Received: 11 December 2023 | Accepted: 21 December 2023 | Published: 29 December 2023

Keywords: Congenital talipes equinovarus; demographic patterns

Abstract

Background: Evidence suggests that 80% of infants with congenital clubfoot live in developing countries, and the condition is said to be the commonest congenital musculoskeletal deformity in Nigeria, accounting for 52.8% of all malformations with live births incidence of 3.4/1000.

Study design: A 6-month observational study of demographic patterns of congenital talipes equinovarus at a Nigerian regional hospital is presented. 

Results: Sixty seven children met the inclusion criteria. There was a slight preponderance of males over the females, at a ratio of 1.6: 1. The mean age of the population was 31.6 ± 23.64 months. The average age of the mothers and fathers at the conception of the children with clubfoot deformities was 25.58 ± 6.17 years and 32.34 ± 6.712 years respectively. In 45 (67.2%) children, the clubfoot was bilateral and unilateral in 22 (32.8%). Idiopathic clubfoot was the commonest variant at the rate of 70.1%. 

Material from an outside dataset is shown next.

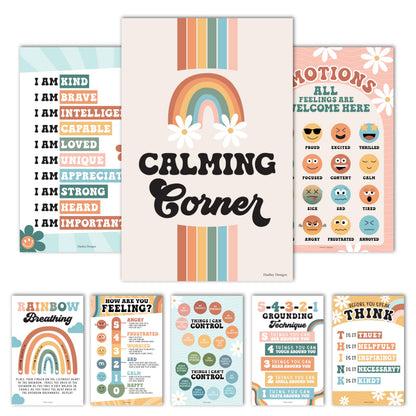 Hadley Designs 8 Calming Corner Posters for Classroom Must Haves - Calm Down Corner Supplies with Emotions Chart, School Counselor Mental Health Poster, Feelings Chart For Kids, Retro Classroom Decor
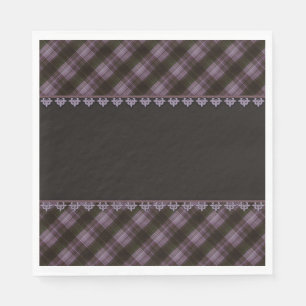 Abstrakter nahtloser, karierter, schwarzer Braunta Serviette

Conclusion: Late presentation of clubfoot for treatment was common in this study. The risk of clubfoot was higher among firstborn children.

Introduction

Congenital talipes equinovarus (CTEV, congenital clubfoot) is one of the most common structural congenital abnormalities affecting the lower limb, with a generally accepted incidence of one to two per 1000 live births.1, 2 However, the incidence of CTEV has been reported to vary across the regions of the world from 0.6/1,000 individuals in Asia, 0.9/1,000 individuals in Australia to 6.9/1,000 individuals in Hawaii, Polynesia and Maori.3, 4 Evidence suggests that 80% of infants with congenital clubfoot live in developing countries, 5, 6, 7 and the condition is said to be the commonest congenital musculoskeletal deformity in Nigeria, accounting for 52.8% of all malformations with live births incidence of 3.4/1000.8 - 12 The incidence in males is reportedly higher than in females, with a male to female ratio of 4:1.3 From a global perspective, it has been reported that approximately 100,000 children are born world-wide each year with clubfoot. As already stated, about 80% of these children are believed to live in developing countries where many of them are deemed unable to receive the expected optimal treatment.5 - 7, 13 When neglected, CTEV becomes a serious reason for physical, social, and psychological disability among the affected subjects.13

The anatomic deformity of CTEV is easily recognised. For descriptive purposes, clubfoot deformity has four constant features, namely, equinus, mid-foot cavus, fore-foot adduction and hind-foot varus. The deformity is both cosmetic and functional with associated hypoplasia of skin, muscles, bones, tendons, ligaments and neurovascular bundle on the medial side. The affected foot is smaller than the normal foot.2, 14 Functional adaptation occasioned by these deformities in an untreated clubfoot results in additional local anatomical changes such as callosity of the lateral border of the foot due to weight bearing on this part, increasing deformation of the tarsal bones of the foot, skin and bone infections, stiffness of the foot, limitation in mobility, and inability to wear standard shoes.2   

Although clubfoot may be associated with many other congenital abnormalities, it is more commonly an isolated idiopathic birth defect, which may affect either one foot or both feet. When it is associated with other congenital anomalies, it is referred to as syndromic clubfoot. When it is an isolated defect, it is referred to as idiopathic clubfoot.15 About half of the infants with clubfoot have bilateral involvements, and unilateral deformity occurs more often on the right side.3, 15 There is an associated posteromedial ankle and foot soft tissue contractures which deform and displace tarsal bones, giving rise to characteristic deformities of equinus, heel varus, mid-foot adductus and cavus.15, 16 These deformities are responsible for the plantarflexed, inverted, and adducted position of the foot. The deformation of the normal anatomy of the affected foot is conspicuously obvious at birth. 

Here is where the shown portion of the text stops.